Support for Syrian children and youth going to school was recognized as a priority. In spite concerns of that government support was (and continues to be) insufficient to accommodate and meet the needs of students, Canadians have demonstrated compassion for the struggles of newcomers, and enthusiasm to lend a hand. School boards launched a program that allowed Syrian children and youth temporarily housed in hotels to attend school, school communities raised funds to sponsor refugee families, and teachers organized their students to write welcome cards for newcomers and deliver them to Parliament Hill.
However, despite all of these examples of genuine goodwill, recent world events have served to undermine these sentiments and Canada is not immune. Reaction to the recent Quebec mosque shootings and political developments south of the border are instead speaking to a shift toward Islamophobia. We are seeing a rising tide of fear and intolerance in a time where there is increasing need for inclusion. Hate crimes are committed against the LGBT community, racial, religious and other minorities, and with this, an approach to inclusion must address all of these realities. Yet Muslims have faced a sizable amount of the hostility. In 2014, the latest year for which statistics are available, Canadian police recorded 99 religiously motivated hate crimes against Muslims — up from 45 in 2012, according to Statistics Canada.
Opening doors to welcome refugees to Canada is only the first step of the process towards meaningful integration. The real work of ensuring social inclusion is a much longer-term investment. But the classroom is where many important values such as openness and embracing of diversity are born. Schools should not just accommodate newcomers, Muslim pupils, and their families; especially in the current climate, schools must serve as a space of safety and support.
How Teachers Can Ensure Safe and Supportive Learning Spaces
Many resources are available to help teachers and school administrators ensure safe and supportive classrooms, and encourage students to embrace diversity more generally. The National Council of Canadian Muslims, the Islamic Social Services Association and the Canadian Human Rights Commission have created the guide, Helping Students Deal with Trauma Related to Geopolitical Violence and Islamophobia. It provides guidance on supporting students who are dealing with grief, fear and confusion, which can help to create a safer classroom environment.
The Harvard Graduate School of Education has also put together a comprehensive list of tips, additional resources and research studies on how schools can work to address bullying and dismantle Islamophobia. The resources can be found here.
Social emotional learning (SEL) is another process that can be purposefully integrated into classroom settings to build trust and mutual respect among students. The Collaborative for Academic, Social and Emotional Learning in the United States has several resources for explaining SEL, and approaches and tools for school-based implementation.
The US-based Committee for Children also published a list of recommendations for teachers to help children feel safe and supported in this new era.

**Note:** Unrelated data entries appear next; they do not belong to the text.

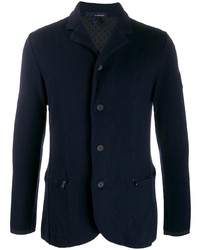 Blazer noir Lardini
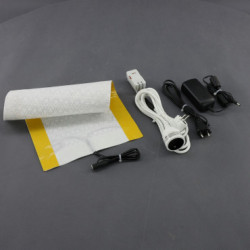 Încălzire cu termostat pentru coteț pentru găini și cușcă pentru câini 12 V / 25 W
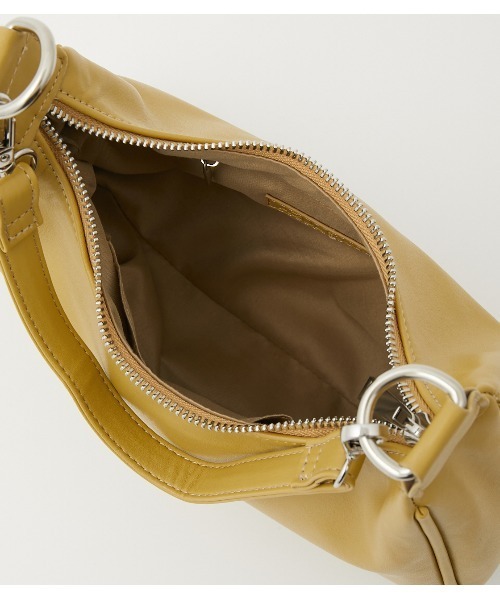 AZUL by moussy（アズールバイマウジー）の「2WAY SHOULDER BAG/ツーウェイショルダーバッグ（ショルダーバッグ・レディース・ライトベージュ/ブラック/イエロー・FREE）」の20枚目の写真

Oxfam UK has compiled comprehensive guidance on how to create “schools of sanctuary”. Major publishing houses have also developed lists of books to help children understand the plight of refugees.
How Children Can Take Action
The goal of all of this work is to help children and youth navigate the new geopolitical landscape. Schools can empower students to think critically about the information they are receiving, make thoughtful decisions in determining their own values and place in these discussions, and finally to take action. All schools have homegrown approaches and opportunities for student engagement. Samara Canada, provides a variety of resources for classrooms here, here and here. Oxfam UK has a useful resource on how to teach controversial issues in the classroom. Radical Teacher, an academic journal on teaching theory and practice, has a resource page with lesson plans on a wide variety of current political issues including the U.S. immigration ban.

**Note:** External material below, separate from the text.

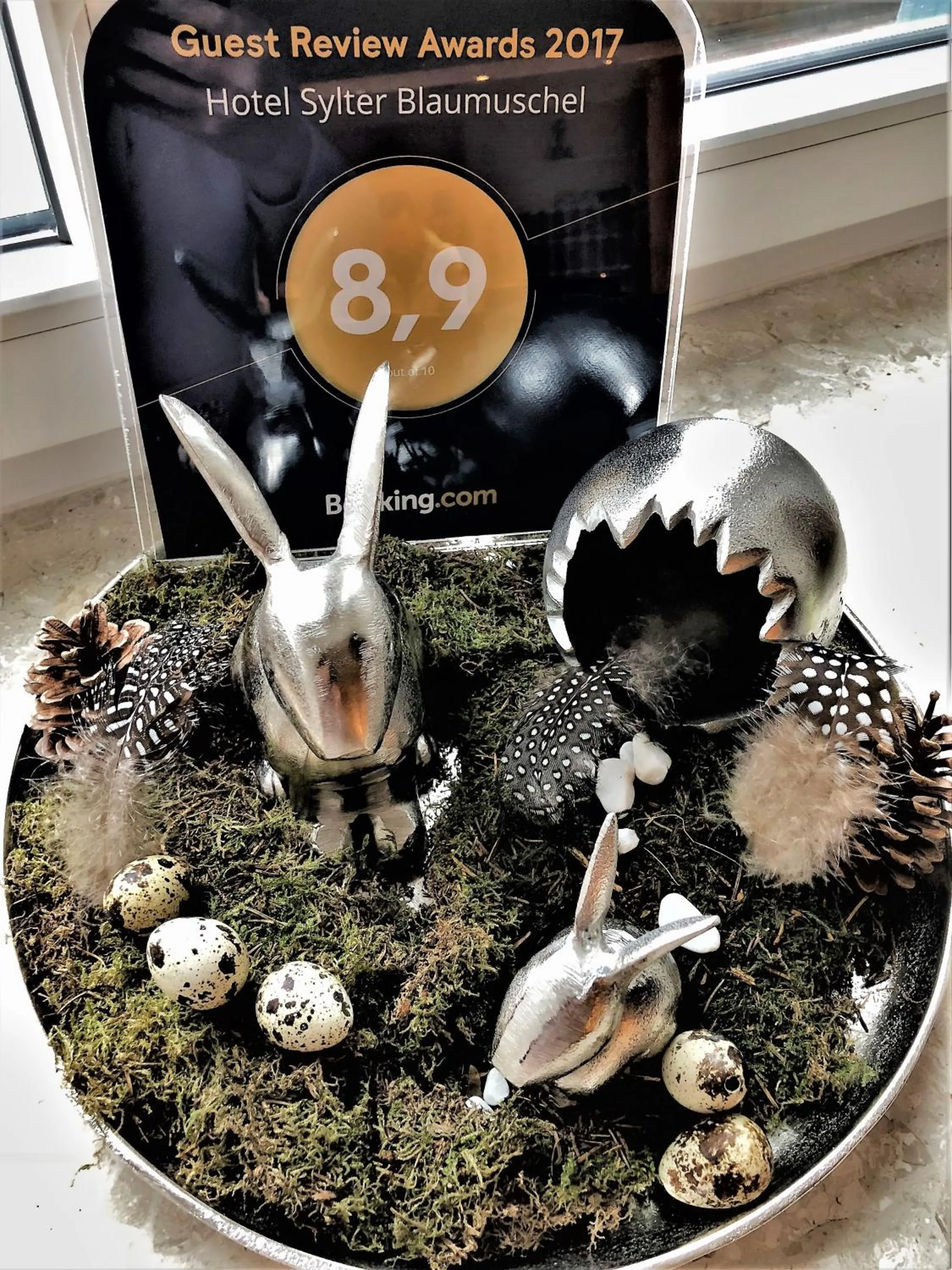 Certificate/Award in Hotel Sylter Blaumuschel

In this unpredictable, uncertain political climate, business as usual is insufficient. Teachers need targeted strategies to ensure safe and supportive environments for their students and to promote a school ethos based on inclusion and respect. Students need avenues for peaceful, meaningful engagement in issues that affect them. Both teachers and students have a critical role to play – keeping fear out of Canadian classrooms depends on it.